_Work instruction_
Once the images are removed, repeat all of the entries exactly.

_Information provided_
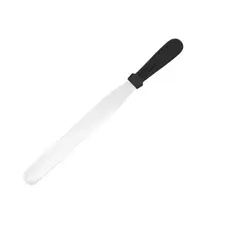 GENERICO - Cuchara Sacabolas De Helado De Acero Inoxidable 16 cm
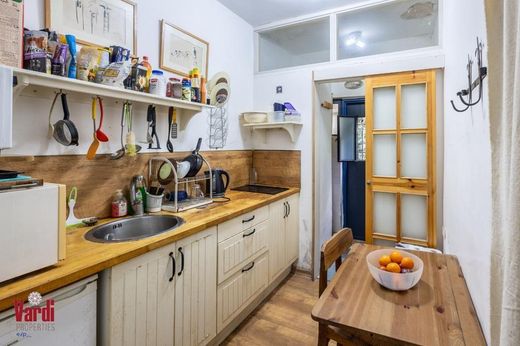 Apartment in Jerusalem, Jerusalem District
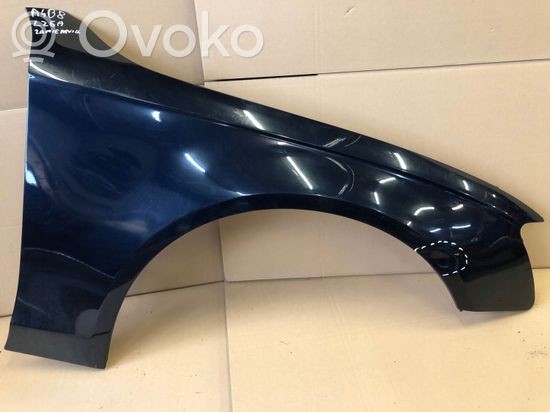 Audi A3 S3 8P Fender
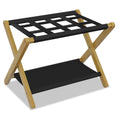 Heybly Luggage Rack Suitcase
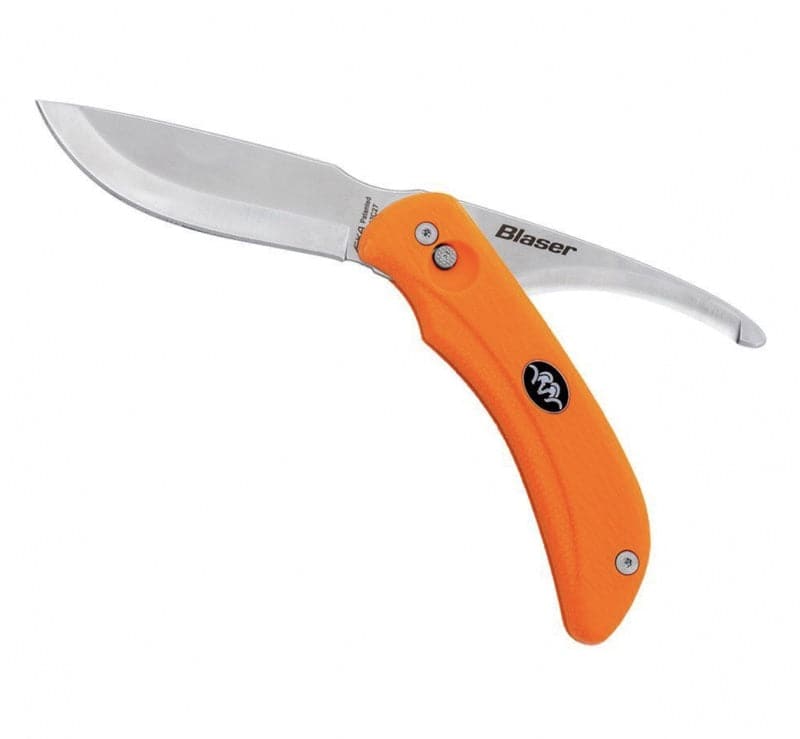 Blaser Ultimate Messer - Heidejagd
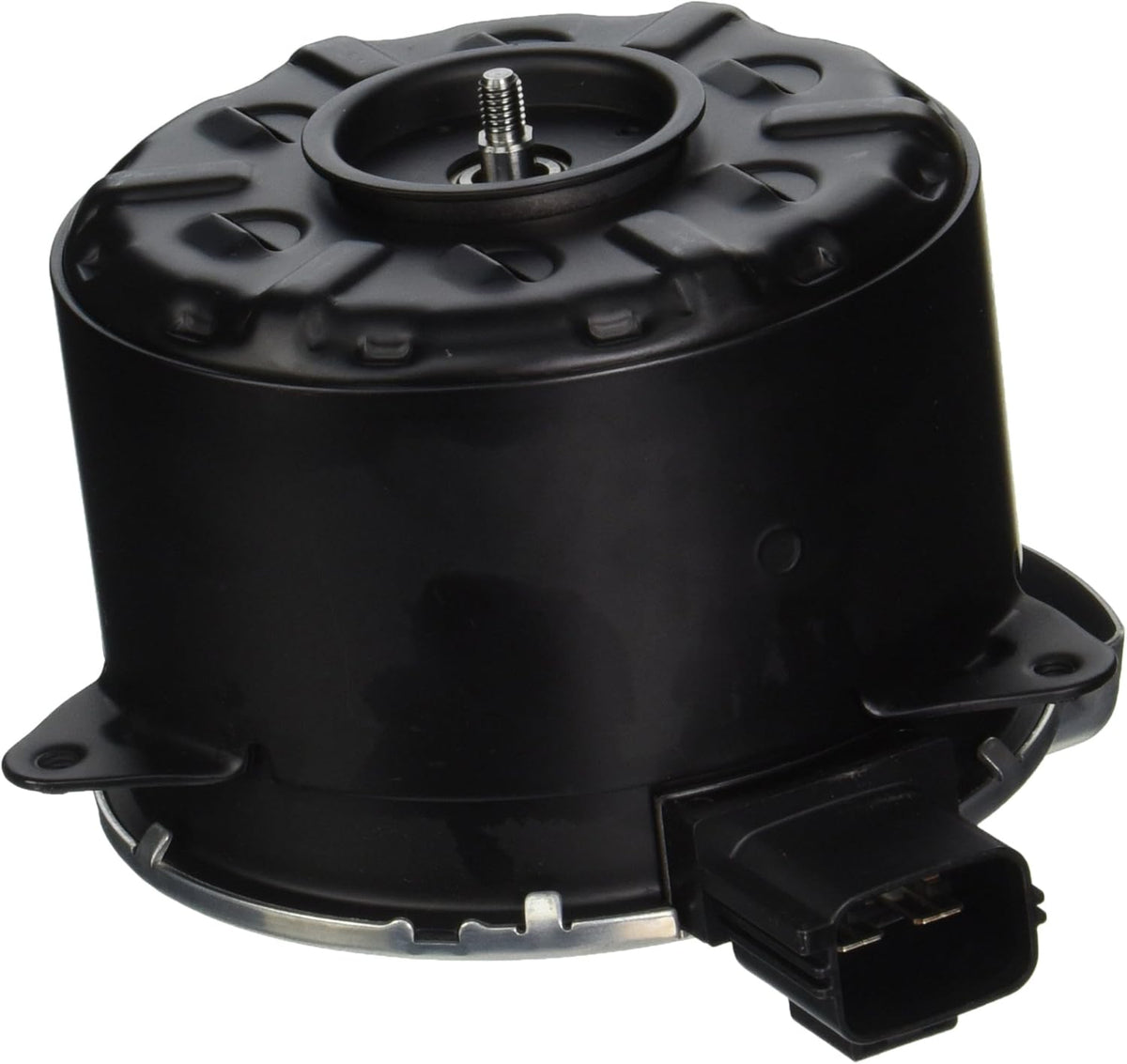 Engine Cooling Fan Motor D344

_Your response_
 GENERICO - Cuchara Sacabolas De Helado De Acero Inoxidable 16 cm
 Apartment in Jerusalem, Jerusalem District
 Audi A3 S3 8P Fender
 Heybly Luggage Rack Suitcase
 Blaser Ultimate Messer - Heidejagd
 Engine Cooling Fan Motor D344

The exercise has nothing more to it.